** SUPPLIED RECORDS **
=== Section Start ===

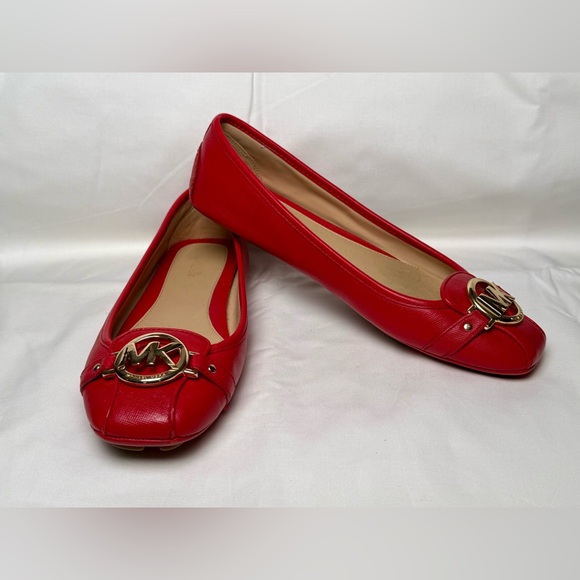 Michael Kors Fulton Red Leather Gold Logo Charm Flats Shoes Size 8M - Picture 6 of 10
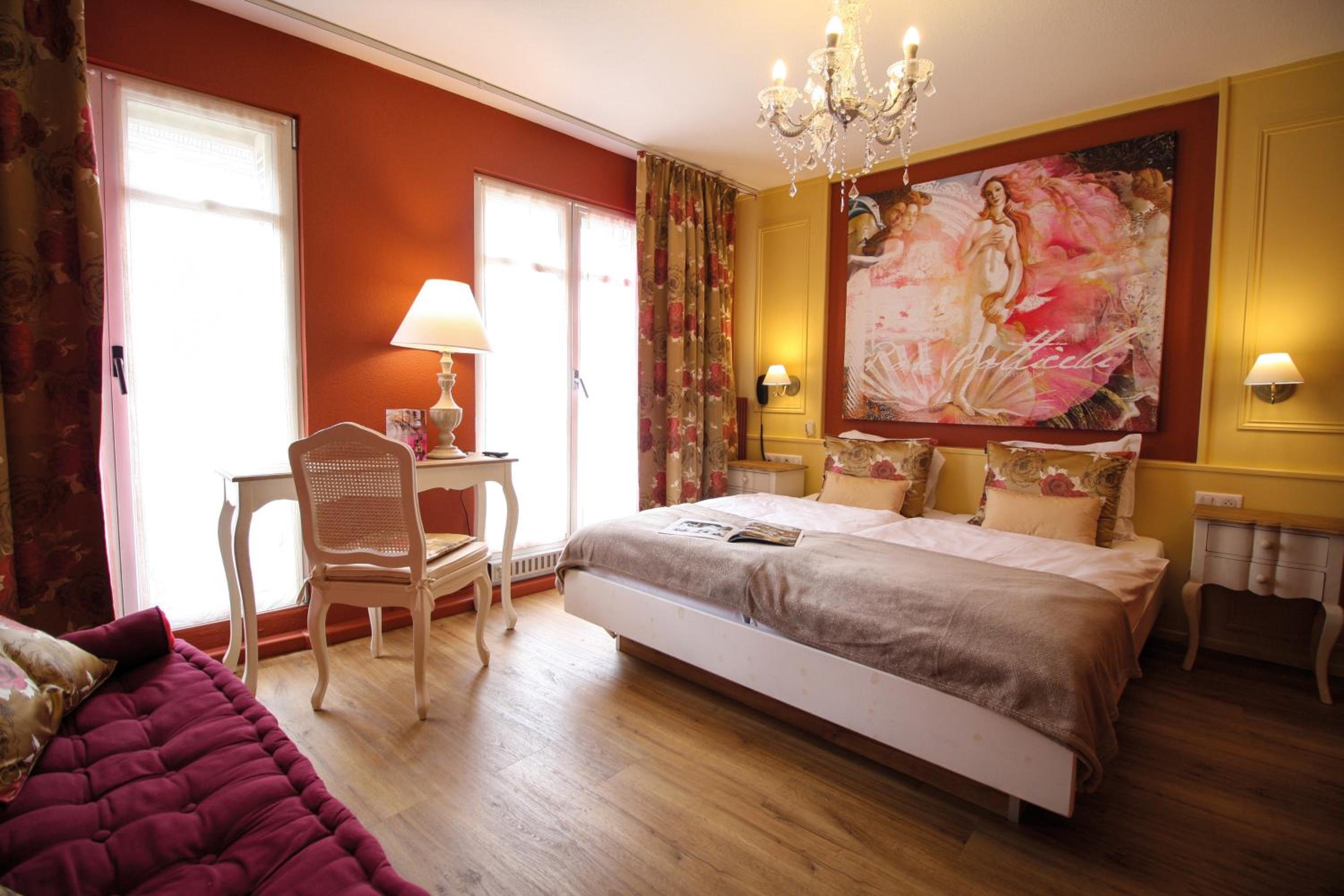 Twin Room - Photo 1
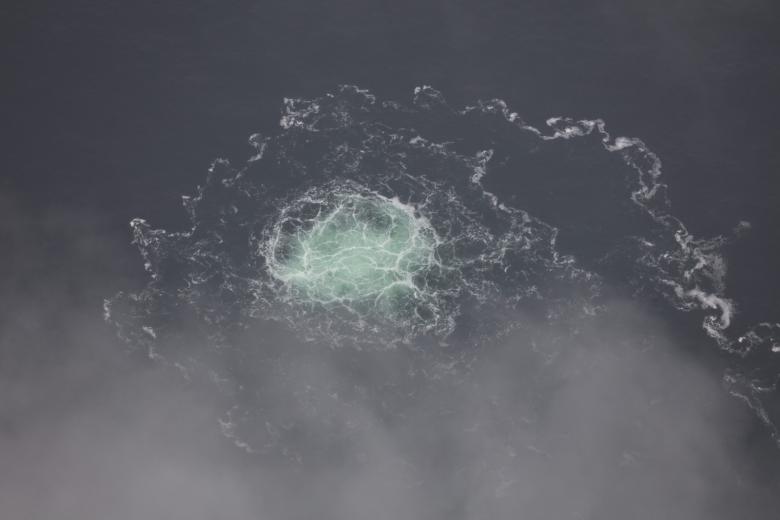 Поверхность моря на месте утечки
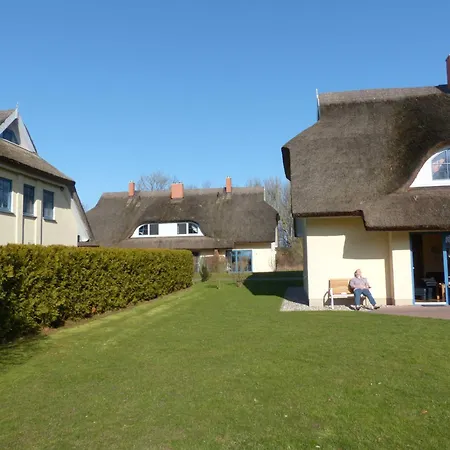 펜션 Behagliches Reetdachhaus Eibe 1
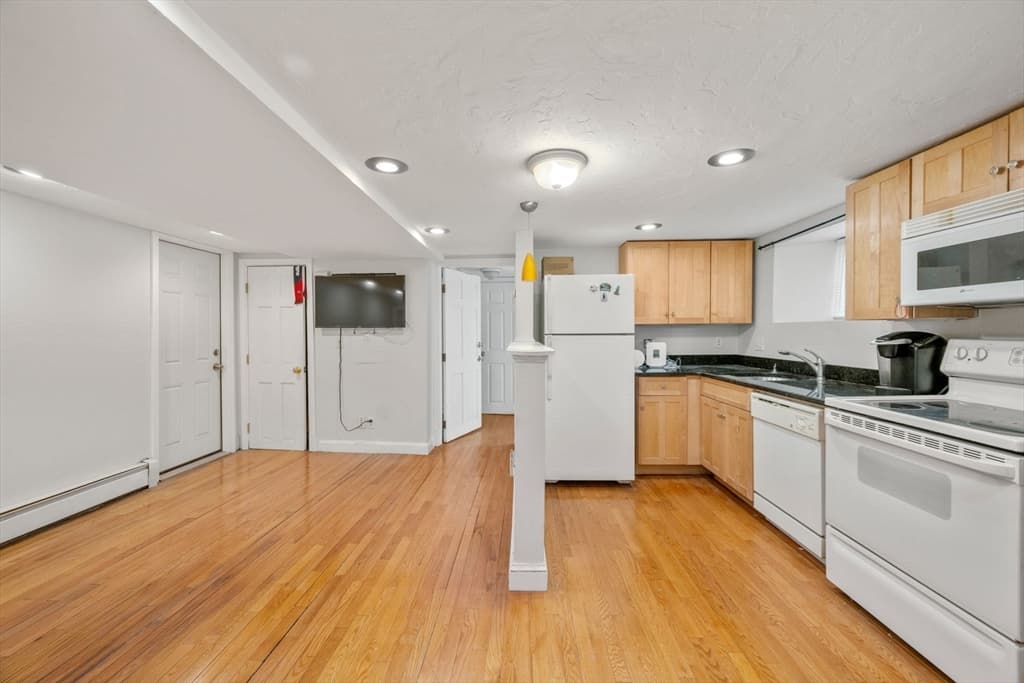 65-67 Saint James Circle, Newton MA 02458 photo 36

=== Section End ===

** WHAT IS BEING ASKED **
Could you return each line, unchanged, from the line containing "Twin Room - Photo 1" through the last line of the entries above, leaving out the pictures?

** WRITTEN REPLY **
 Twin Room - Photo 1
 Поверхность моря на месте утечки
 펜션 Behagliches Reetdachhaus Eibe 1
 65-67 Saint James Circle, Newton MA 02458 photo 36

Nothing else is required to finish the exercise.